The thing is, we do not want to “just send some messages.” We want to make sure that the list of rooms, and who has joined what room, is acurate and reflects the actual situation — and does not go “out of sync” with what the RPGpad server thinks is happening.
For example, if the RPGpad server thinks that player Bob has joined the Lobby, but Alia’s computer does not they are out of sync. This would mean that if Alia also joined the Lobby, she would not know her messages are also going to Bob.
To keep everyone up-to-date with the newest changes there are actually a lot of things the different computers need to message each other about: the creation, changes, and removal of rooms, when players joins a room, when they change their mask, when they leave again, the actual chat messages the player sends, etc.
Complexity of Communicating Computers
Because there are multiple computers talking to each other and their messages are sometimes delayed a little, it is very easy for them to receive an update that they do not yet understand.
To start off we will explain with a diagram what a simple, and correct exchange looks like. We have left out most of the technical data from the messages — this is so we can focus on the core problem and not drown everyone in complex notation and details that don’t matter:
In the above diagram, there are three computers: Alia’s Computer, the RPGpad server, and Bob’s computer. Each of these has a vertical “track” of what they believe to be the current situation.
At the start, each computer believes there is a single empty room called “Lobby”. When Alia wants to join her computer sends the
Join Lobby plz? request to the RPGpad server. — in return the RPGpad server sends everyone an update
Alia joined Lobby!. Note how the messages take a moment to arrive, and the computers update their belief about the situation a little later than the RPGpad server.
After a while, Alia closes her browser screen and is disconnected from the chat. The RPGpad server detects this, updates what it believes and sends the
Alia left Lobby! update to Bob’s computer as well. Bob’s computer receives the message and updates what it believes too.
In the end, the RPGpad server and Bob’s computer believe the same thing, and that thing is the actual situation. All is well!
Now, we’ll walk through a scenario of something that goes wrong, it is a little more complex because it involves the creation of a new room:
We have the same three computers: Alia’s computer, the RPGpad server, and Bob’s computer. At first, they all believe the same thing: there as a single room called “Lobby”, and no one has joined it.
Alia creates a new room, and her computer sends a request
Create Inn plz?. The RPGpad server creates the room, updates it beliefs, and sends out the
New room: Inn! update. From here, things start getting wonky.

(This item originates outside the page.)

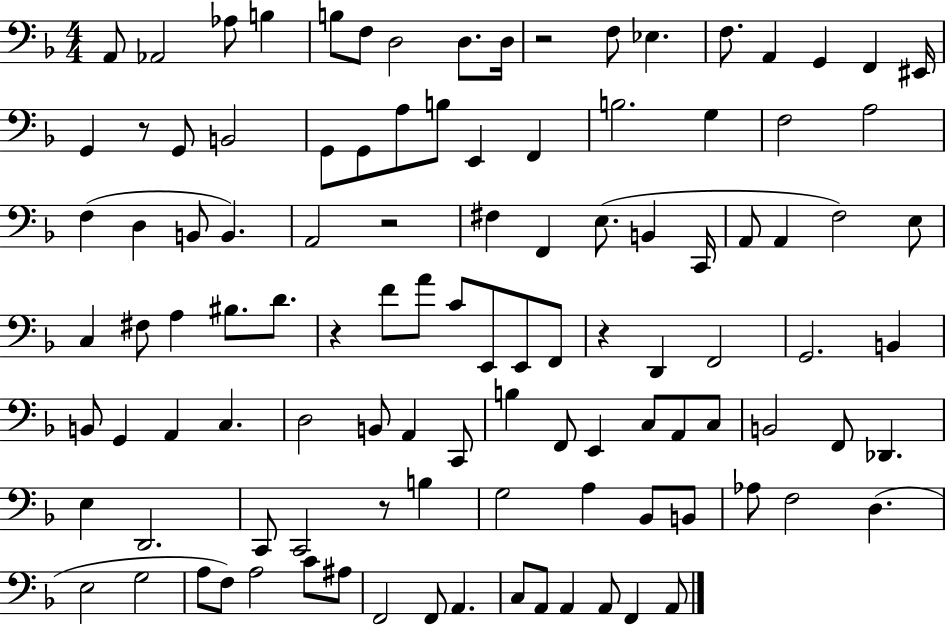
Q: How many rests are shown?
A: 6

Bob’s computer receives the update, updates its beliefs and (perhaps because Bob is eager to play his new character) immediately requests to join the new room with
Join Inn plz?.
Meanwhile, Alia’s computer has not yet seen the new room update (because it was delayed somewhere).
When the RPGpad server receives Bob’s computer’s request, it puts Bob in the room and sends out the
Bob joined Inn! update. Bob’s computer receives it and updates its beliefs. Alia’s computer receives it, and does not understand the update — there is no room “Inn”, so what is going one here?!
There are many other situations where messages that get switched around — or even dropped and never delivered — create situations where a computer cannot understand the situation, or changes its beliefs in a way that makes them incorrect:
- If Alia just opened the chat, Alia’s computer can receive updates for the “Lobby” room before her computer has received the list of current rooms which will include information for “Lobby”.
- If Alia removes a room, Bob’s computer can receive updates for people leaving the room after Bob’s computer received the update removing the room.
- If Alia joins a room on her phone, and at the same time leaves that room with her laptop, Bob’s computer can receive the messages in the wrong order, which makes it think that Alia is no longer in the room.
And there are many, many more.
Our solution is to add an update number to each room. We increment the update number of a room by 1 every time something about the room changes, and we send the number to all connected computers with each update message. This allows us to resolve the problem:
This is the same situation as the one above. The three computers are, again, Alia’s computer, the RPGpad server, and Bob’s computer. The same sequence of events happens, and the
New room: Inn! message to Alia’s computer is delayed again.
However! Because the message now comes with a nice update number of
2 Alia’s computer sees that there is something off about it, and buffers it until the update with number
1 has arrived. Then, it changes its beliefs by looking at the updates in the correct order!
We are currently working on implementing this solution, and making sure that it works in all situations. We want to handle all room creation, changing, and removals in the correct way, and we want to be especially sure that what you see on your screen is the correct situation — nothing creates problems as fast as not knowing who is in the same chat room!